Root-mean-square current and voltage
Root mean square (RMS) voltage and root mean square current compare alternating currents to direct currents. We use RMS values for AC, which is the equivalent of the DC value that produces the same amount of work. Multimeters, alternating current voltmeters, and ammeters give a reading of the RMS values of the AC values. Below are the equations to find RMS current and RMS voltage:
\[I_{RMS} = \frac{I_{max}}{\sqrt{2}}; \space V_{RMS} = \frac{V_{max}}{\sqrt{2}}\]
The graph below represents a voltage-time AC graph (in this case, the symbol V is represented by u, but you must always use V for voltage!). The number 3 represents the RMS voltage.
Sinusoidal voltage. 1 represents the amplitude (peak), two is the peak-to-peak, 3 is the RMS, and 4 is the wave period.
Alternating current examples (with RMS)
Alternating current occurs in many household appliances like fans, internet routers, and motors. This is why it's important to be able to get to grips with the key quantities and calculations involved with alternating currents.
Find the AC RMS values of a current that produces a maximum voltage of 250V and a maximum current of 5A.
Solution
We use the equations given for AC RMS values and plug in the maximum voltage and current values.
\[\begin{align} I_{RMS} = \frac{I_{max}}{\sqrt{2}} = \frac{5A}{\sqrt{2}} = 3.54 A \\ \space V_{RMS} = \frac{V_{max}}{\sqrt{2}} = \frac{250 V}{\sqrt{2}} = 176.8 V \end{align}\]
Find the AC maximum voltage and current value based on the AC RMS values of 150V and 2.15A.
Solution
We use the equations given for AC RMS values, rearrange solving for Imax and Vmax, and plug in the RMS voltage and current values.
\[I_{RMS} = \frac{I_{max}}{\sqrt{2}} \Rightarrow I_{max} = I_{RMS} \cdot \sqrt 2 = 2.15 A \cdot \sqrt 2 = 3.04 A\]\[V_{RMS} = \frac{V_{max}}{\sqrt 2} \Rightarrow V_{max} = V_{RMS} \cdot \sqrt 2 = 150 V\sqrt 2 = 212.1 V \]
Alternating Currents - Key takeaways
Alternating current (AC) is an oscillating current flowing in two directions with an alternating magnitude.
Alternating current is distributed in residential and commercial areas, and it is the main form of electrical power we use in all our electrical appliances.
Alternating currents are produced by an AC generator, which consists of a wire that rotates in a magnetic field created by magnets.

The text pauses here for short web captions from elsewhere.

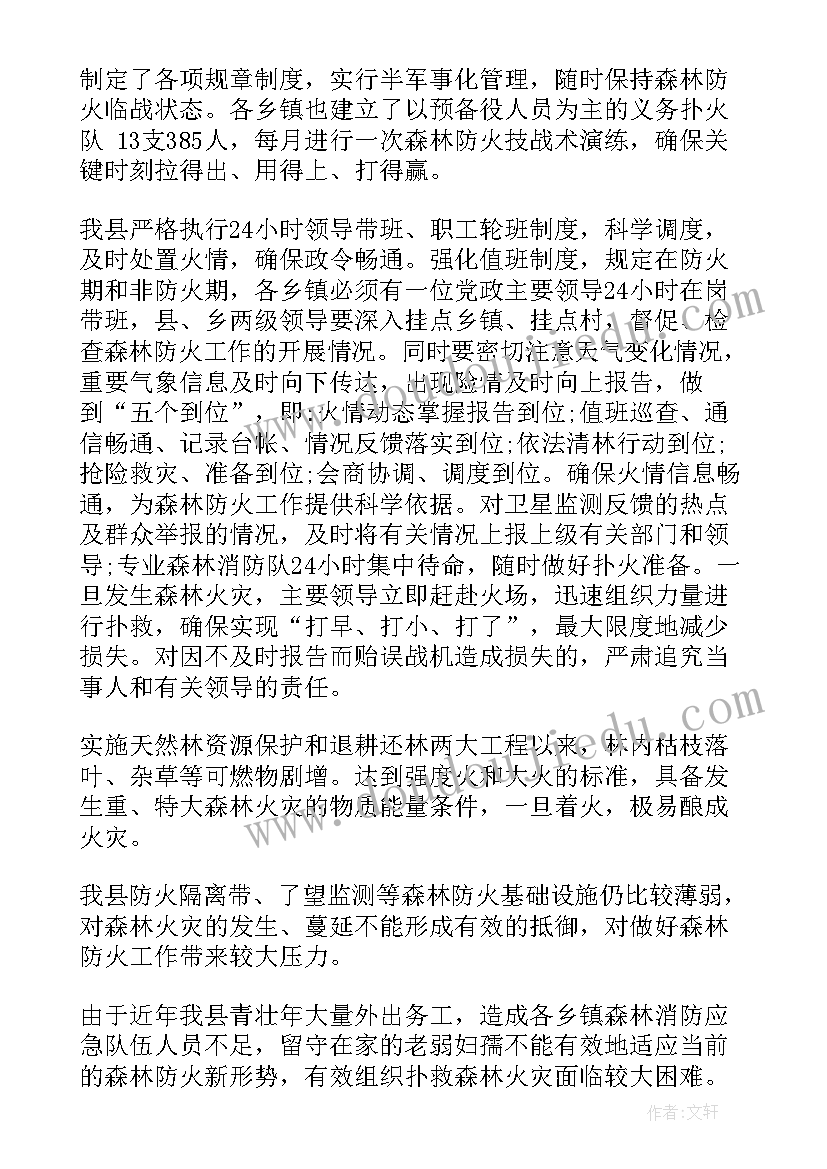 2023年邯郸市森林防火工作总结报告 森林防火工作总结(实用9篇)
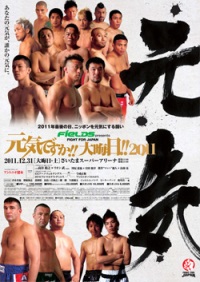 دانلود مسابقات: Dream: Fight For Japan: Genki Desu Ka Omisoka 2011
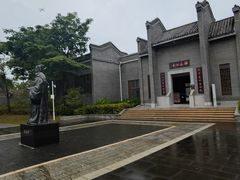 -宝安西湾红树林湿地公园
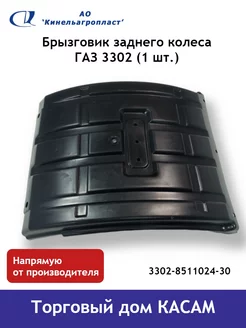 Брызговик заднего колеса Газ 3302 (1 шт.)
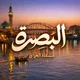 منصة انا البصرة | وضائف تعينات اخبار 13 الف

Alternating currents move periodically and sinusoidally, so the sine graph can represent their motion.
There are many differences between alternating current and direct current (DC). AC oscillates in two directions, whereas DC has a constant magnitude over time.
Root mean square (RMS) voltage and root mean square current compare alternating currents to direct currents.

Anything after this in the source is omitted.